Nogueira disse que, a partir do momento em que todos os componentes da cana-de-açúcar passaram a ser aproveitados, as queimadas se tornaram inviáveis economicamente. Segundo o executivo, queimar a cana resulta em uma perda de cerca de 50% do valor da produção.
“Claro que a cana crua é 10.000 vezes melhor que a cana queimada porque você consegue usar toda aquela biomassa para fazer bioeletricidade, etanol de 2ª geração, você aumenta o volume de massa para conseguir a cogeração nas usinas. Ninguém quer perder nada, nem uma folha. Isso tudo é dinheiro”, disse.

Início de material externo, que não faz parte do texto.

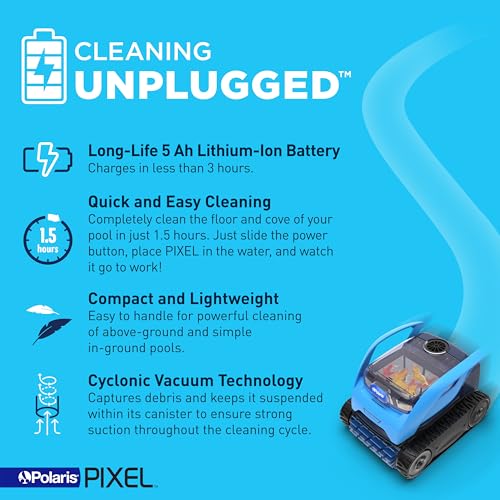 Polaris Pixel Compact Cordless Robotic Pool Cleaner for Above-Ground & In-Ground Pools up to 30ft, Long Lasting Battery
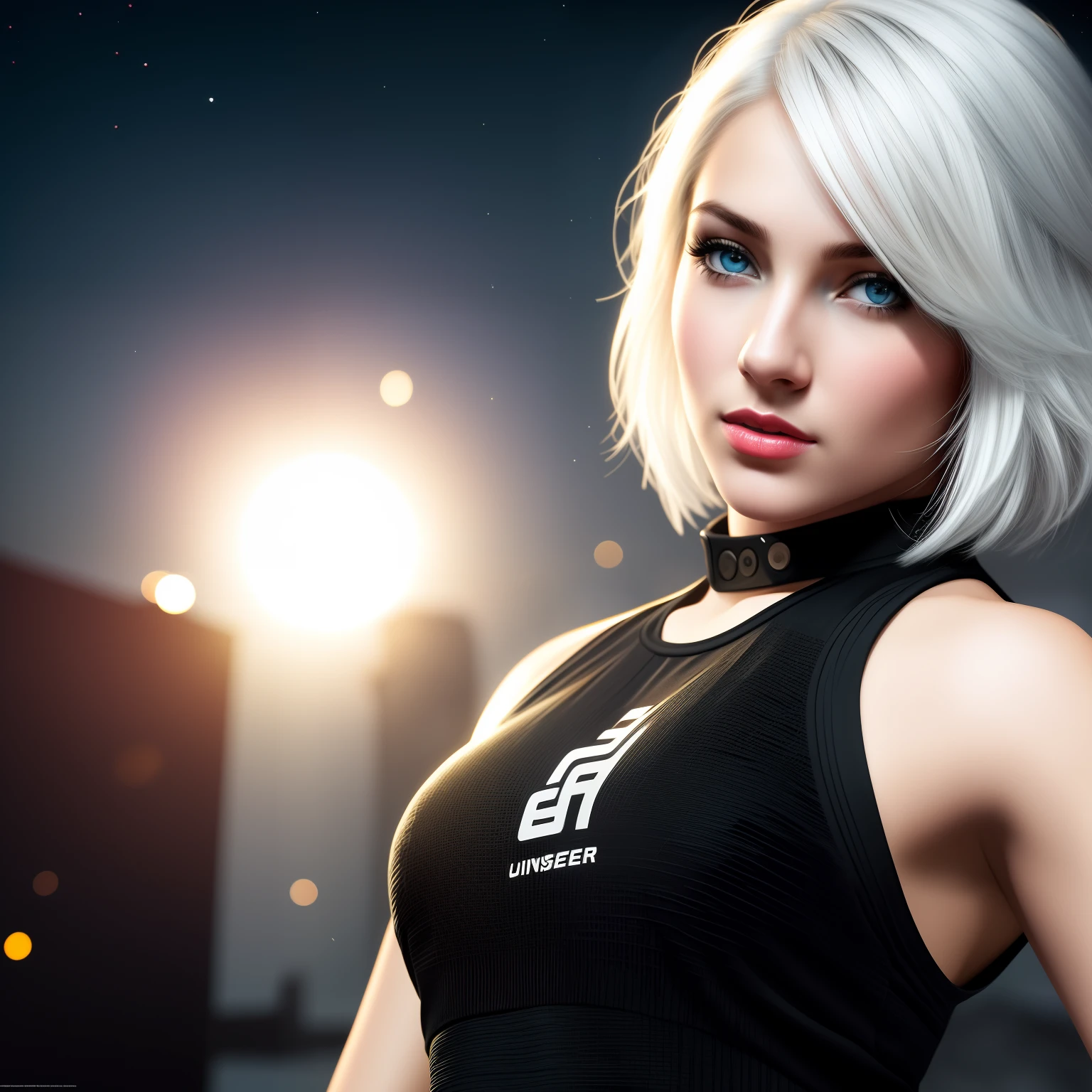 (on the moon, space, looking back at the earth), white hair, black tank top, volumetric lighting, white jacket, cyberpunk, futuristic, blue eyes, detailed eyes, hyper detail, slight smile, high detail, beautiful, small details, super detailed, best quality , intricate, hyperrealism, sharp, digital illustration, detailed, realism, intricate, 4k, 8k, trending on artstation, good anatomy, beautiful lighting, award winning, photorealistic, realistic shadows, realistic lighting, beautiful lighting, ray tracing, intricate details , moodiness, rule of thirds, masterpiece, (illustration: 1.1), high resolution, (extremely detailed CG, unity, 8k wallpaper: 1.1), beautiful face, highly detailed face, ultra-realistic, masterpiece, bokeh, extremely detailed, intricate , zoom out, colorful, bright colors, red nail polish, side view,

O CEO da Orplana afirmou que o avanço tecnológico fez com que a prática fosse sendo abolida ao longo do período de 2005 a 2010, quando os produtores conseguiram realizar uma transição economicamente viável para a colheita mecânica. Segundo Nogueira, as queimadas foram extintas no Centro-Sul do país e que a prática só em observada em algumas áreas de Pernambuco e de Alagoas que apresentam um terreno irregular que dificulta o acesso de tratores e outras máquinas. Mesmo nesses locais, os governos estaduais trabalham para mitigar a prática.
“No Centro-Sul sim [foi extinto], ainda existem algumas queimas controladas no Nordeste, mas só em áreas muito declivosas, próximas a Pernambuco e Alagoas, mas os governos dos Estados já decretaram que querem acabar com isso para sempre. Só pode em áreas muito declivosas que não chega trator ou máquinas para a colheita. No resto do Brasil não existe mais até porque é muito mais caro colher com pessoas”, disse.

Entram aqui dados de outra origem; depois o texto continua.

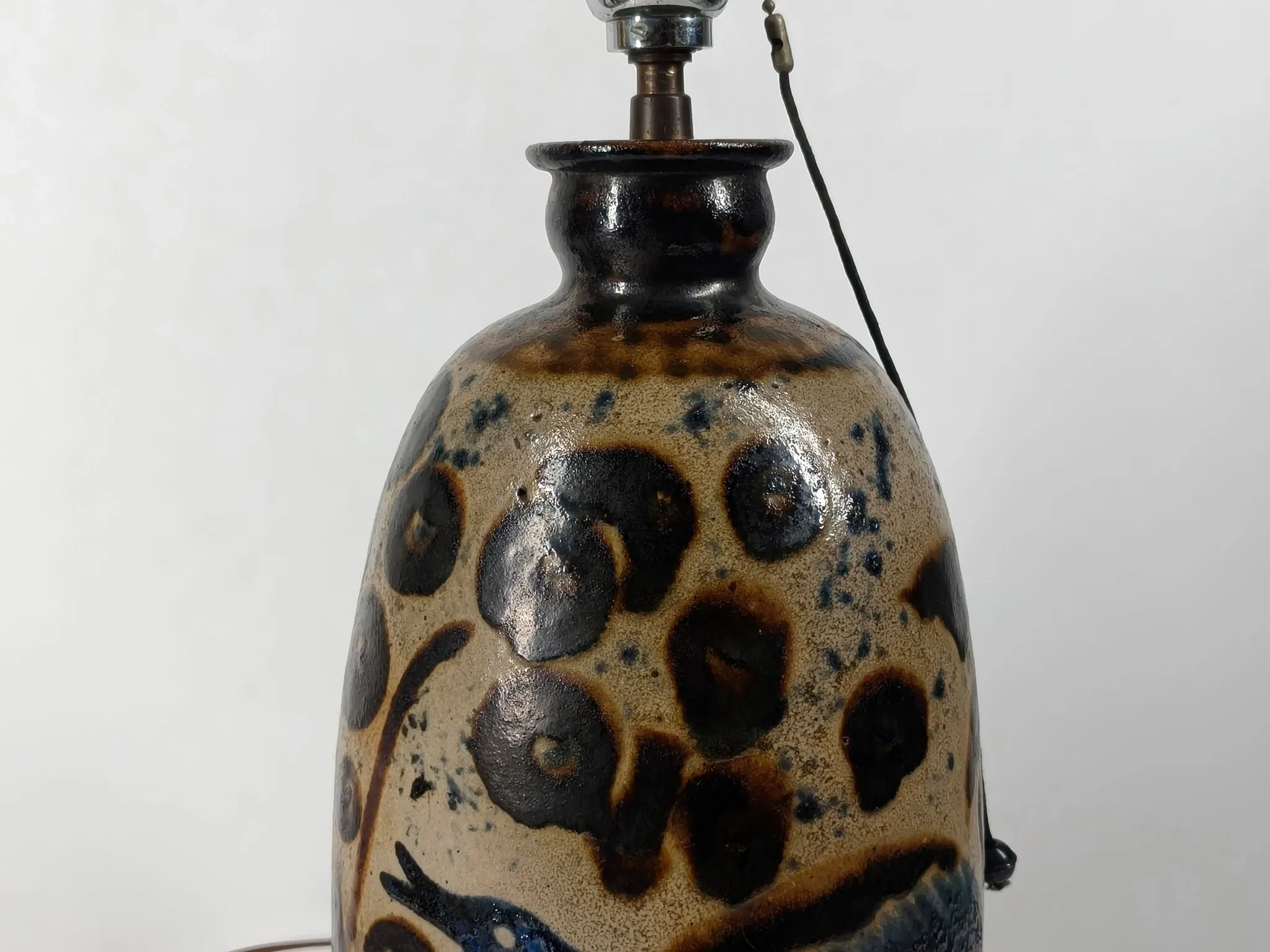 Art Deco Lamp in Stoneware with Blue Birds – Atelier Primavera, circa 1930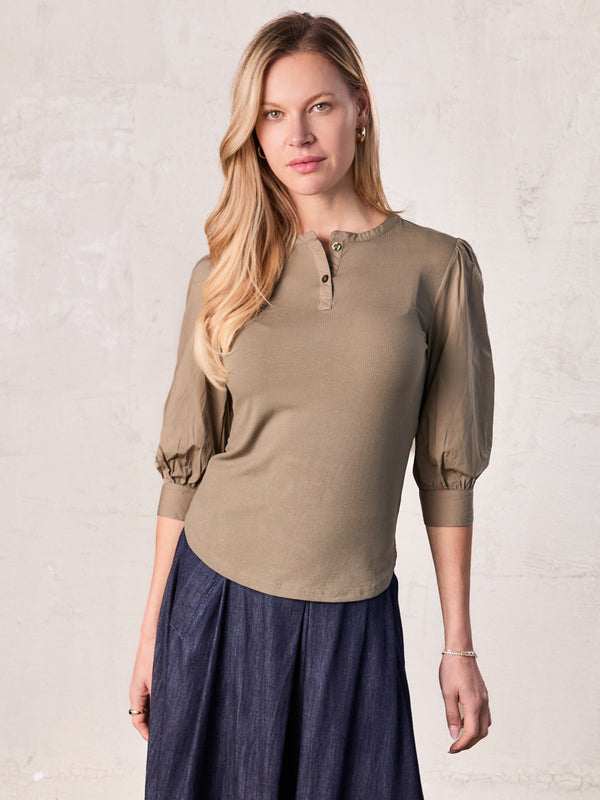 Puff Sleeve Ribbed T-Shirt-Olive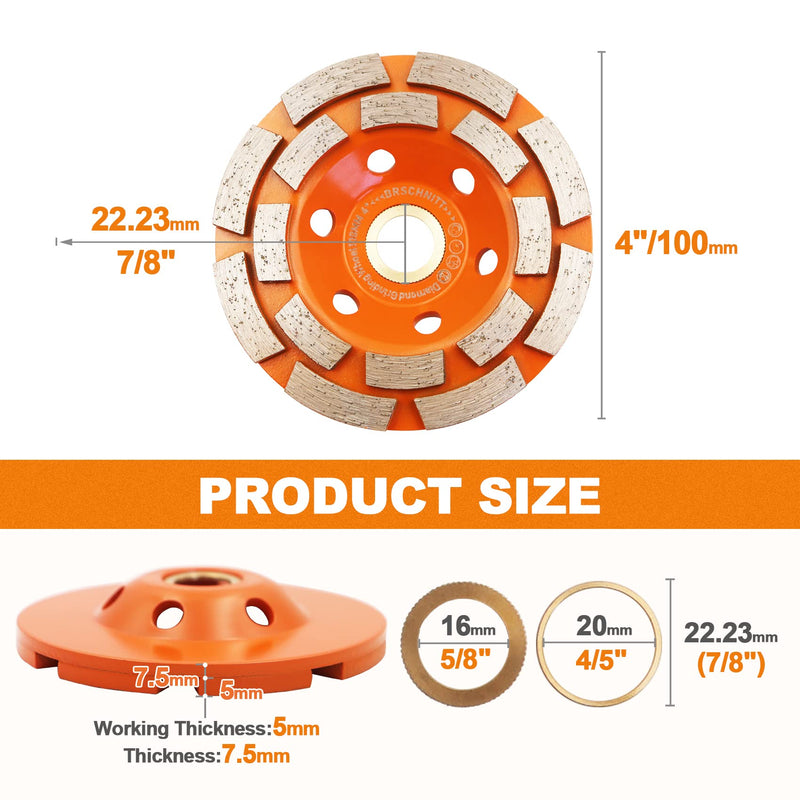 Diamond Cup Wheel 100 mm - BRSCHNITT Welded Double Row Diamond Cup Grinder Grinding Wheel for Concrete Masonry Granite Marble Natural Stone 1 100mm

Nogueira afirmou que o fim das queimadas foi uma conquista econômica e ambiental. Com a permissão da União ao longo de toda década de 90 e início dos anos 2000, a prática não era feita de forma descontrolada e era regida para proteger as áreas ao redor. Por exemplo, as queimadas não podiam ser realizadas em condições de umidade abaixo de 15% e com ventos fortes.
Apesar de, segundo o CEO da entidade, não ser mais recorrente, o setor ainda é associado à prática. Na 2ª feira (16.set), a Orplana divulgou uma nota de repúdio a uma declaração da coordenadora do Laboratório de Gases de Efeito Estufa do Inpe (Instituto Nacional de Pesquisas Espaciais), Luciana Gatti, que atribuiu as queimadas ao setor sucroenergético.
“Com a máxima ênfase, a Orplana reitera que toda a cadeia de produção da cana-de-açúcar está firmemente comprometida com a sustentabilidade e a preservação do meio ambiente. Este compromisso é evidenciado pelo rigoroso cumprimento das diretrizes estabelecidas pelo Protocolo Agroambiental – Etanol Mais Verde, que inclui a proibição do uso de fogo na colheita de cana no Estado de São Paulo desde 2017”, diz o comunicado. Leia a íntegra (PDF – 61 kB).
O Poder360 procurou a cientista por meio de e-mail da profissional e pela assessoria do Inpe na 3ª feira (17.set) e nesta 4ª feira (18.set), para perguntar se gostaria de se manifestar a respeito da nota de repúdio. Não houve resposta até a publicação desta reportagem. O texto será atualizado caso uma manifestação seja enviada a este jornal digital.